Prior to 1947, collective bargaining agreements were gathered on a more informal basis. These pre-1947 agreements were used to study wage trends. Due to the rapid increase in prices and wages after World War II and the need for the most current information on collective bargaining developments, the Bureau began to issue a monthly report, Current Wage Developments (the predecessor to today’s Compensation and Working Conditions Online), which listed the negotiated changes in wages and supplementary benefits by company and union.2

In an effort to continue providing quality service with collective bargaining agreements while adjusting to budgetary constraints of the early 1980s, the BLS redesigned the program and began collecting and providing copies of only those collective bargaining agreements covering 1,000 or more workers.

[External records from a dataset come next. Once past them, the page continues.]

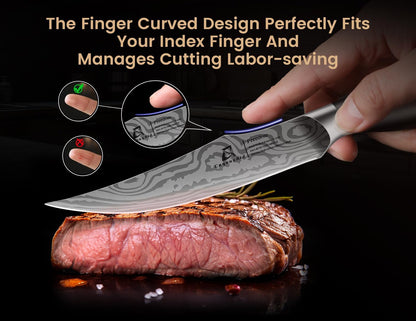 CoquusAid Steak Knives Set of 8, 4.8 Inch Straight Edge Ultra Sharp Durable Meat knives with Rest, High Carbon Stainless Steel Damascus Pattern Triple Rivet Handle, Ideal for Home Restaurant Party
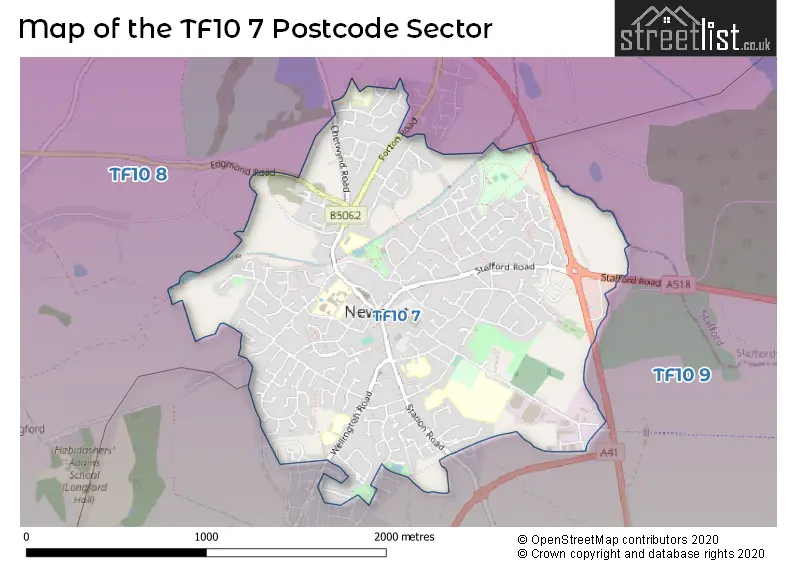 Map of the TF10 7 and surrounding postcode sector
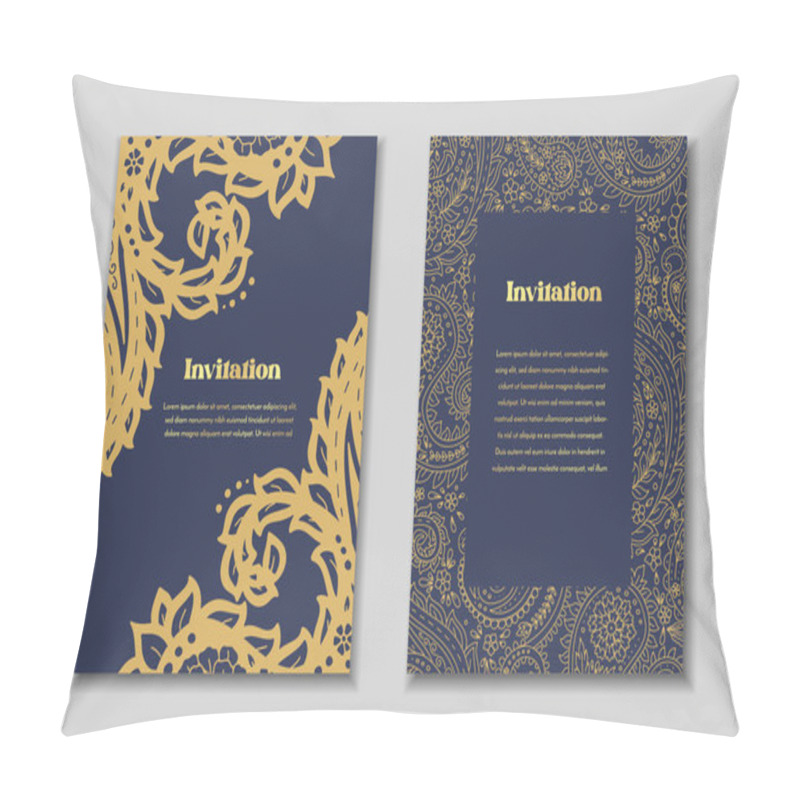 Personality  Two Greeting Cards Templates Set With Paisley Motifs. Wedding Invitation With Oriental Decoration. Modern Abstract Stationary Design. Pillow Covers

At the same time, BLS discontinued its series on negotiated wage and benefits changes and also discontinued its directory of unions and employee associations. In 2002, the BLS entered into an agreement with the Martin P. Catherwood Library of the Kheel Center at Cornell University to archive all of the older agreements.3 The transfer of the bulk of the archives was completed in 2003.4

Over the past few years, BLS has worked to digitize all current collective bargaining agreements and began making electronic copies available on the BLS Internet in early 2007. The Employment Standards Administration intends to continue to provide electronic access to the current agreements.

Inquiries about the collective bargaining agreements file can be directed to the ESA at the following address:

U.S. Department of Labor
Office of Labor-Management Standards
Room N-1519
200 Constitution Avenue, NW
Washington, DC 20210
Telephone: 202-693-0124
E-mail: OLMS-PUBLIC@dol.gov

The entire hard-copy file of collective bargaining agreements is now located at the ESA. Most current agreements are available in PDF format at the ESA website: http://www.dol.gov/esa/olms/regs/compliance/cba/index.htm. The BLS continues to collect and publish information on work stoppages. For more information on work stoppages, see the Work Stoppages program home page at www.bls.gov/wsp.

 

Drew M. Simmons
Economist, Division of Compensation Data Estimation, Bureau of Labor Statistics.
Telephone: 202-691-6127; E-mail: Simmons.Drew@bls.gov

 

Notes

1 Secretary’s Order 4-2007 can be accessed on the Federal Register page of the Government Printing Office (GPO) website, on the Internet at http://www.gpoaccess.gov/fr/index.html.

2 Joseph P. Goldberg and William T. Moye, The First Hundred Years of the Bureau of Labor Statistics, Bulletin 2235 (Bureau of Labor Statistics, September 1985), p. 202.

3 The archived collective bargaining agreements files can be accessed on the Internet at http://digitalcommons.ilr.cornell.edu/blscontracts/.

4 The BLS continued to send archived materials to Cornell until the ESA took over responsibility for collecting the agreements.